Proteasomes are essential cell regulators in all eukaryotes. They are involved in the turnover of most proteins by breaking down proteins that are old, damaged, or no longer needed. They also perform the highly regulated removal of specific proteins that signal to important and diverse events such as cell division, stress responses and chromatin maintenance. Despite 30 years of research, many of the fundamental aspects of proteasome function are still not fully characterised. We recently discovered an unexpected new level of proteasome regulation by divalent cations that challenges our current understanding of how the proteasome works. I want to build on our new data to unambiguously describe how proteasomes work inside the cells. For this I will use electron microscopy based structural analysis, together with biochemical and biophysical methods, to visualise in detail how they are regulated by divalent cations and how they recognise and process the proteins to be degraded. Because the proteasome is a critical cell regulator, understanding its fundamental working mechanisms will have a broad impact in biological sciences in general. The outputs of the proposed work have the potential of contributing to the clarification of critical mechanisms underlying conditions such as cancer progression, neurodegeneration, and aging, where proteasome dysfunction and calcium deregulation have been implicated, with impact for a wide range of beneficiaries. The proteasome is a well-established drug target for conditions including cancer, so in addition to improving basic knowledge the proposal has the potential to contribute to further developments in drug discovery and development.
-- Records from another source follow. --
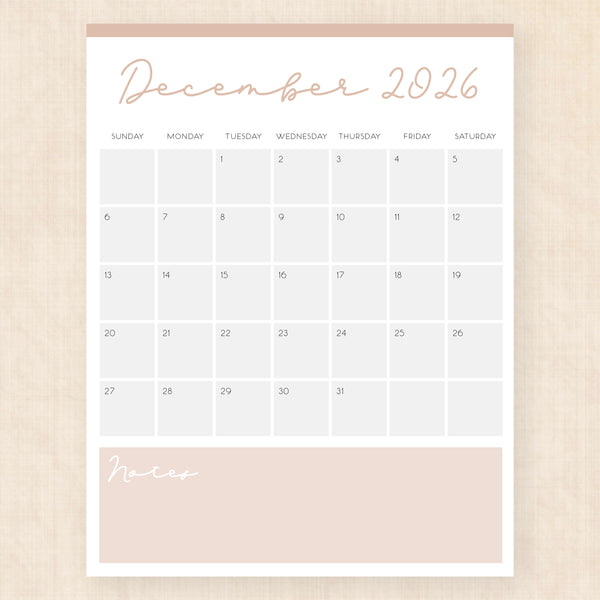 december 2026 calendar serene symphony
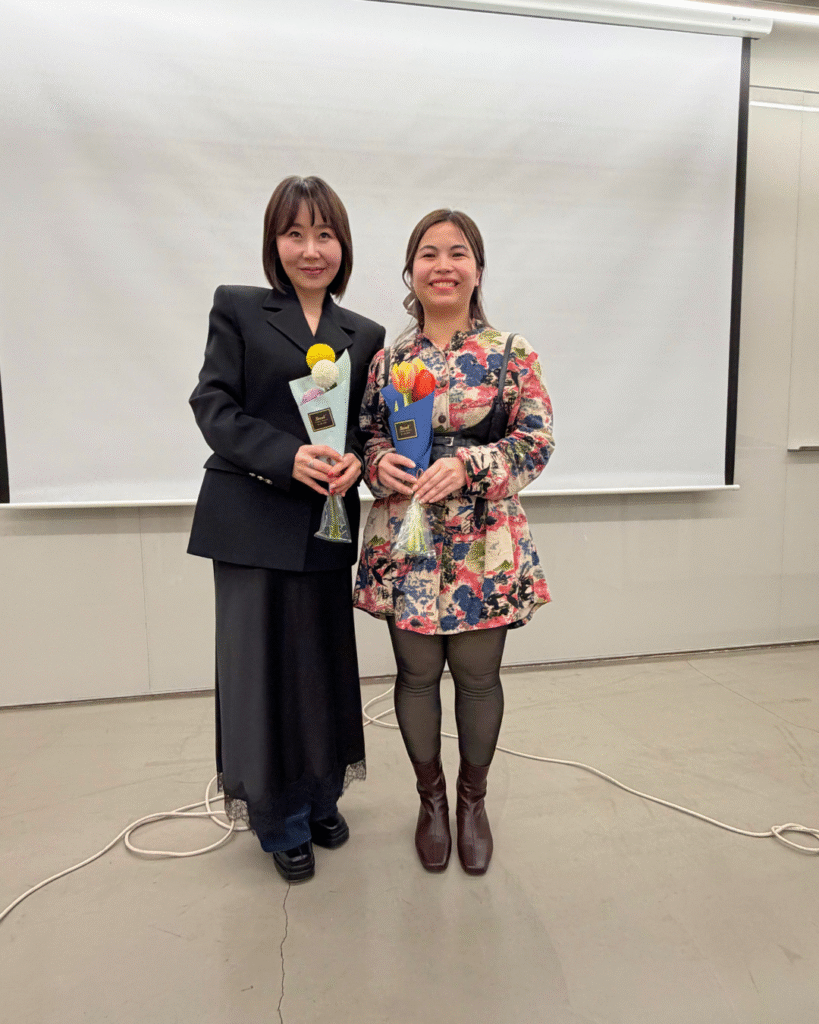 Guest speaker Miso Yoon and MONA founder Quinn Phan posing after the She Makes Impact workshop in Gangnam, Seoul.
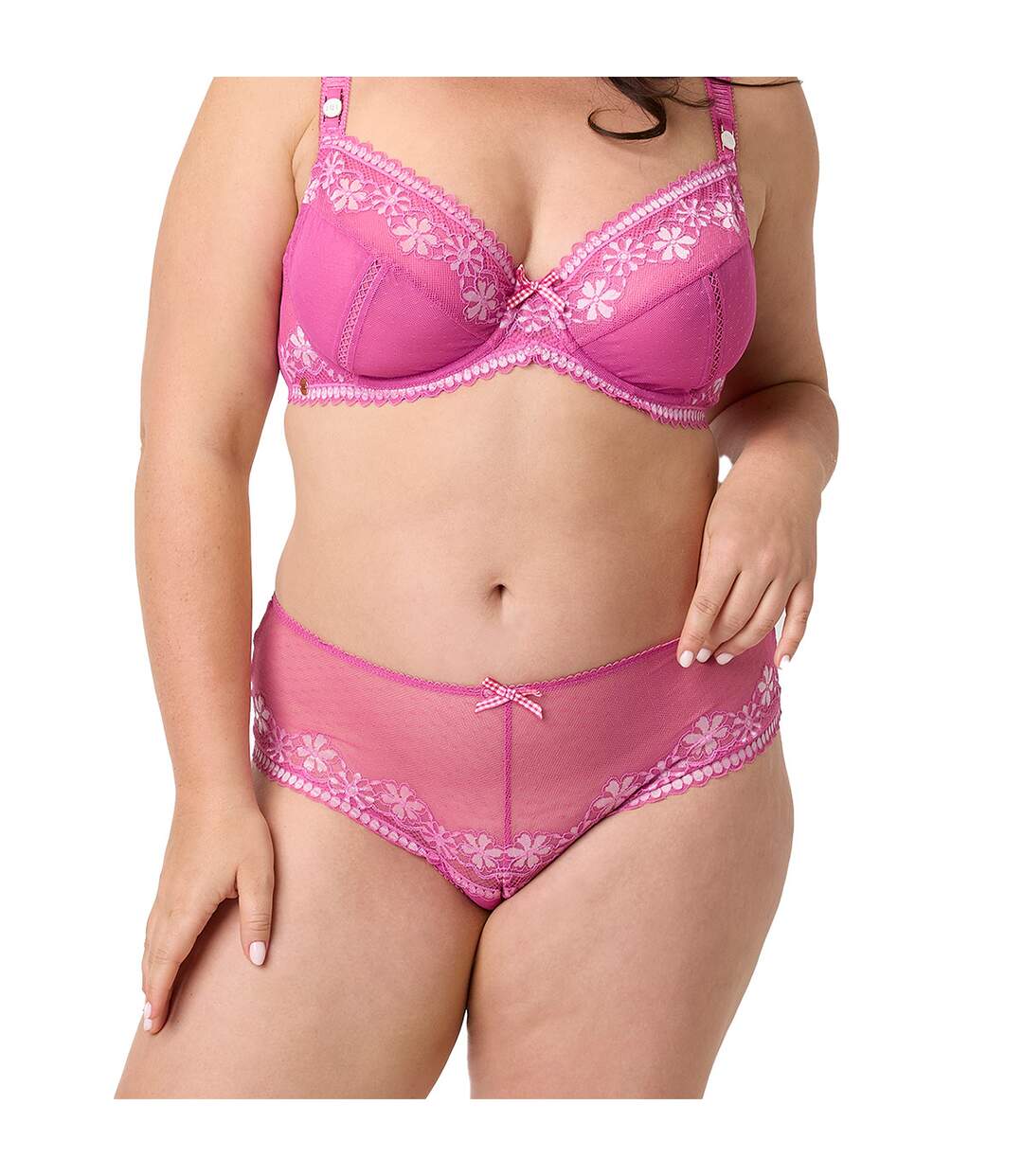 Shorty grande taille rose Samba-2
蛋白酶体是所有真核生物必不可少的细胞调节剂。它们通过分解老化、受损或不再需要的蛋白质，参与大多数蛋白质的周转。它们还执行高度调控的特定蛋白质的去除，这些蛋白质是重要和多样化事件的信号，如细胞分裂，应激反应和染色质维持。尽管经过了30年的研究，蛋白酶体功能的许多基本方面仍然没有得到充分的描述。我们最近发现了二价阳离子对蛋白酶体调控的一个意想不到的新水平，这挑战了我们目前对蛋白酶体如何工作的理解。我想以我们的新数据为基础，明确地描述蛋白酶体是如何在细胞内工作的。为此，我将使用基于电子显微镜的结构分析，结合生物化学和生物物理方法，详细观察它们是如何被二价阳离子调节的，以及它们如何识别和处理要降解的蛋白质。由于蛋白酶体是一种关键的细胞调节剂，了解其基本工作机制将对生物科学产生广泛的影响。拟议工作的产出有可能有助于澄清癌症进展、神经退行性变和衰老等关键疾病的潜在机制，其中蛋白酶体功能障碍和钙调节失调已被涉及，并对广泛的受益者产生影响。蛋白酶体是一种成熟的药物靶点，可以治疗包括癌症在内的疾病，因此，除了提高基础知识外，该提议还可能有助于药物发现和开发的进一步发展。